# Hmm...



## ThePizzaGuy92 (Dec 10, 2007)

it took me forever to understand and switch to pochmann's older 3x3 method for blindsolving, my only method being the one from pjkcubed.com

now that i've finally learned it [and can do it with ease with the aid of vision] i cannot seem to complete a solve. not even remotely close, the cube has been entirely scrambled on all my attempts.

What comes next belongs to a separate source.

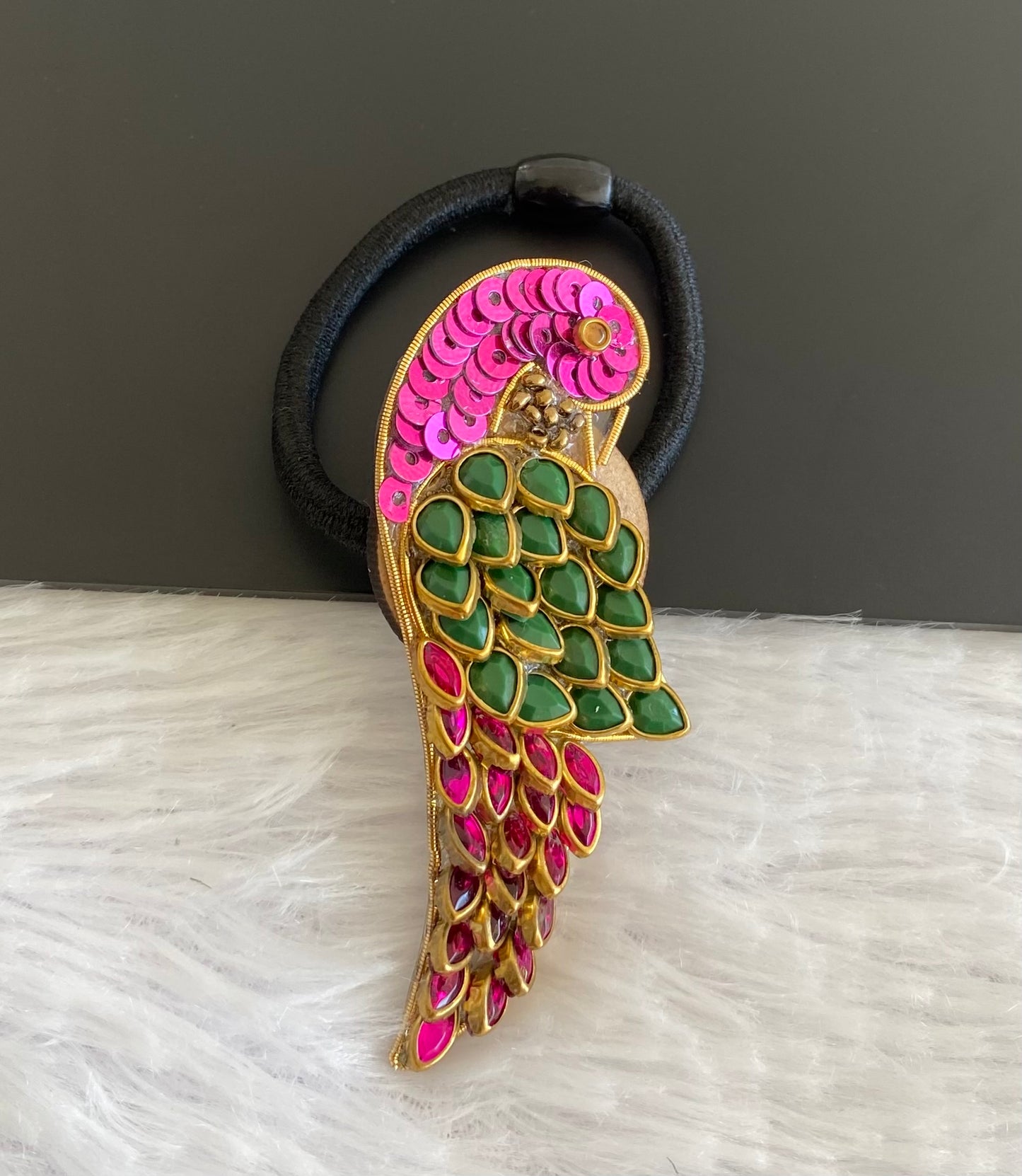 Antique gold tone handmade pink-green peacock hair band dj-52993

i think this has to do with my method of memorizing, as i found pochmann's method difficult. and perhaps my setup moves, but i dont see how anyone could mess up a setup move.


----------



## malcolm (Dec 10, 2007)

Take care with undoing setup moves, it is easy to forget, cube rotations, and piece orientation


----------



## Marcell (Dec 10, 2007)

ask someone (a cuber, if possible) to watch you as you're solving the cube blindfolded so that he or she can immediately tell you when you made a mistake and you can find out what did you do wrong.
alternatively, you can use a video recorder and watch your solve yourself.


----------



## AvGalen (Dec 10, 2007)

You would need someone that knows how blindfolded solving works, especially when you use a "orient-first" method.


----------



## pjk (Dec 10, 2007)

Take a video, and post it here, and I can help you review it.


----------



## Pedro (Dec 11, 2007)

pjk said:


> Take a video, and post it here, and I can help you review it.



yep, good idea


----------



## ThePizzaGuy92 (Dec 11, 2007)

hm... alright, maybe i'll do that, my solves aren't getting any closer, haha


----------